**TO DO:** What you write must match, character for character, the lines from the one with "NEVER WORN Size 7 Black booties" down to the one with "Hotel Comparsa 3*" in the listing below, minus its pictures.

**SOURCE MATERIAL:**

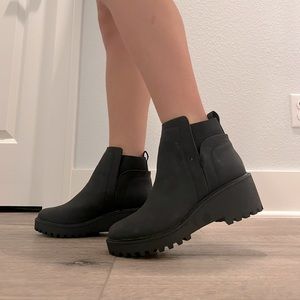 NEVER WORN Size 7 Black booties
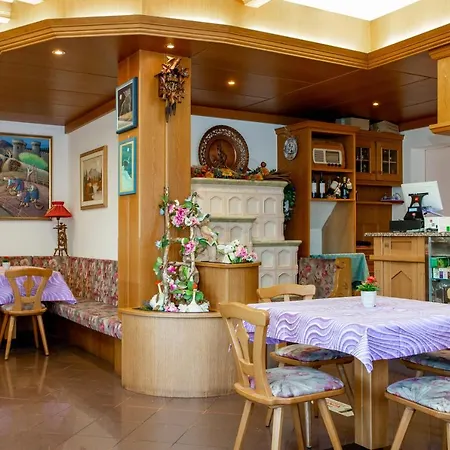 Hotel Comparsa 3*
--
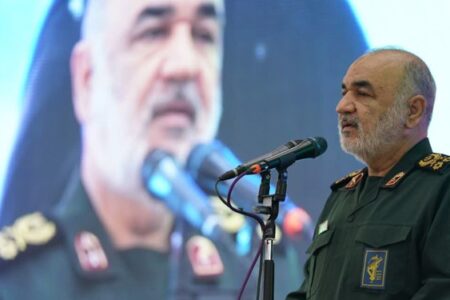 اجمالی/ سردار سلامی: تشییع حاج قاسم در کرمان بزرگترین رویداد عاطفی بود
...
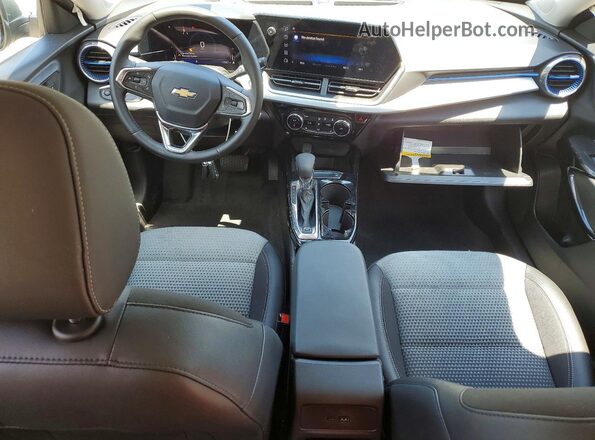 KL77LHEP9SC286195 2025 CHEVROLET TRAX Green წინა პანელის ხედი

**ANSWER TO THIS TASK:**
 NEVER WORN Size 7 Black booties
 Hotel Comparsa 3*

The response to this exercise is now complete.